Requirement already up-to-date: setuptools in /usr/local/lib/python3.6/dist-packages (41.0.1)


In [0]:
import gym
from gym import logger as gymlogger
from gym.wrappers import Monitor

gymlogger.set_level(40) #error only
import tensorflow as tf
import numpy as np
import random
import matplotlib
import matplotlib.pyplot as plt
import numpy as np
import pandas as pd
import torch
from collections import deque
%matplotlib inline

import math
import glob
import io
import base64

from IPython.display import HTML
from IPython import display as ipythondisplay

from mpl_toolkits import mplot3d
#from mpl_toolkits.mplot3d import Axes3D

In [0]:
class Counter(dict):
    # dictionary that returns zero for missing keys
    # keys with zero values are not stored

    def __missing__(self,key):
        return 0

    def __setitem__(self, key, value):
        if value==0:
            if key in self:  # returns zero anyway, so no need to store it
                del self[key]
        else:
            dict.__setitem__(self, key, value)

In [0]:
env = gym.make('Blackjack-v0')

In [0]:
env.observation_space

Tuple(Discrete(32), Discrete(11), Discrete(2))

### Monte Carlo Prediction

##### First-visit MC prediction, for estimating V

In [0]:
def generate_stick20up():
    policy = np.zeros([32, 11, 2], dtype='int')
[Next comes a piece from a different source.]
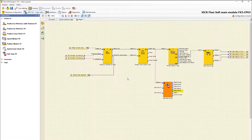Ramp Active shows if a stop ramp is activated. The output Status shows if a fault is detected inside the function block. And last but not least, the output Reset Possible shows if a reset through the optional input Reset or Safe Stop 1 is possible.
    policy[0:20, :, :] = 1
    policy[20:, :, :] = 0
    
    return policy

pi = generate_stick20up()
assert pi.shape == (32, 11, 2), "Policy has invalid shape"
assert pi[20:, :, :].sum() == 0, "Invalid policy. Actions must only be stick (0)"
assert np.sum(pi[0:19, :, :]!=1)==0, 'Invalid policy. Actions must only be hit(1)'

In [0]:
%%time
env.reset()
runs = 500000
gamma = 1
counter = Counter()
V = np.zeros([32, 11, 2])

    
for run in range(runs):
    episode = [] # Resets episode
    done = False # Not initialized when nhands = 1
    reward = 0   # Not initialized when nhands = 1
    nhands = 0   # Number of blackjack hands
    action = -1  # No action for the initial hand
    
    # Generate an episode from a policy
    while True:  
        if nhands == 0:
            state = env.reset()
        else:
            action = pi[mycount, hiscount, ace]
            state, reward, done, _ = env.step(action)
        
        nhands+=1
        
        mycount, hiscount, ace = state
        ace = 0 if ace is False else 1 # Quick hack, observation is boolean, we need 0 or 1
        
        episode.append((state, action, reward))

        if done == True:
            break

    g = 0
    done_steps_of_episode = [] # first visit MC
        
    # We reverse the episode because MC predictions works the episode
    # starting from the end ...
    episode.reverse()
    for (state, action, reward) in episode:
        mycount, hiscount, ace = state
        ace = 0 if ace is False else 1
        
        g = (gamma * g) + reward
        # This condition is there for first visit MC
        if state not in done_steps_of_episode:
            counter[state]+=1                                
            V[mycount, hiscount, ace] = V[mycount, hiscount, ace] + 1/counter[state]*(g - V[mycount, hiscount, ace])

        done_steps_of_episode.append(state)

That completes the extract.